— Work order —
Exact transcription, pictures omitted: begin at the top line of the records below and end with the line bearing "NOVICA Handmade Wood".

(Dataset excerpts)
%%
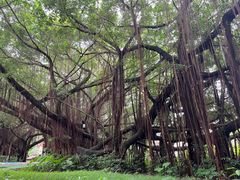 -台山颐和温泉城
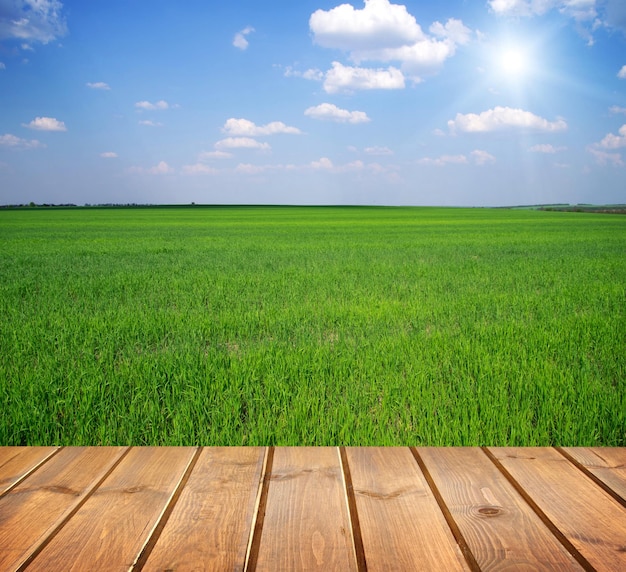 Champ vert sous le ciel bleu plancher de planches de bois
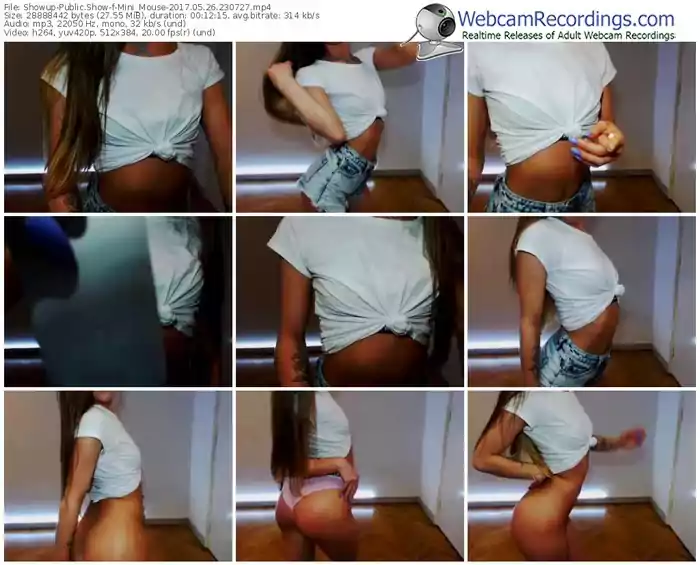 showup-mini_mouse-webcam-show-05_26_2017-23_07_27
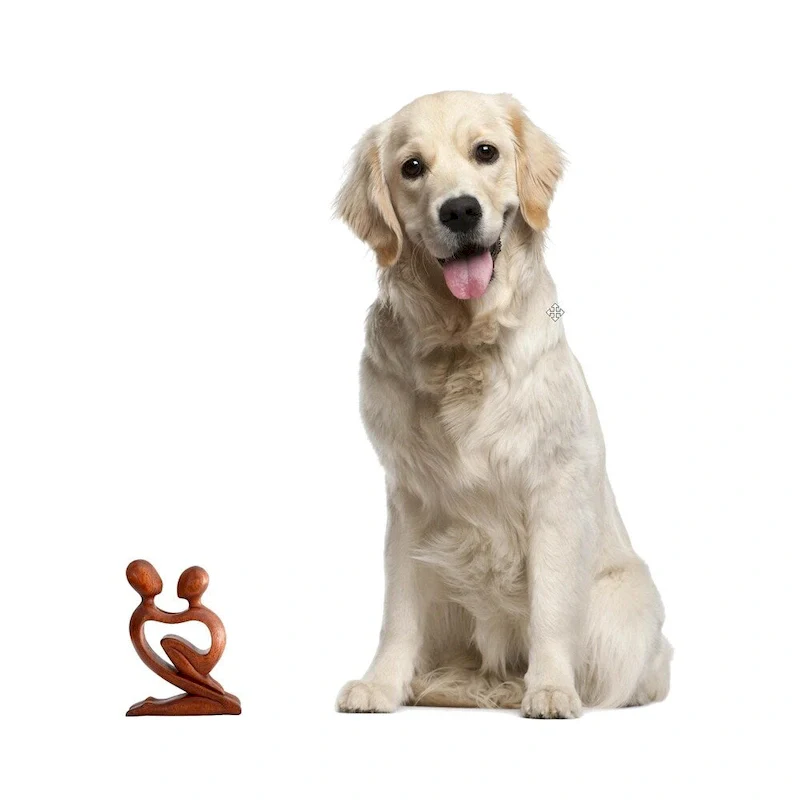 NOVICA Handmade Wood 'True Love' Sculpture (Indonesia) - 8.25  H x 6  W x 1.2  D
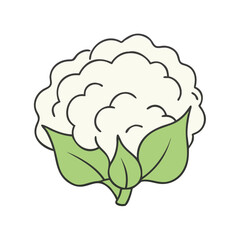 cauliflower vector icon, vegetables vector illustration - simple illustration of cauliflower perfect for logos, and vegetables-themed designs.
%%
— Answer below —
 -台山颐和温泉城
 Champ vert sous le ciel bleu plancher de planches de bois
 showup-mini_mouse-webcam-show-05_26_2017-23_07_27
 NOVICA Handmade Wood 'True Love' Sculpture (Indonesia) - 8.25  H x 6  W x 1.2  D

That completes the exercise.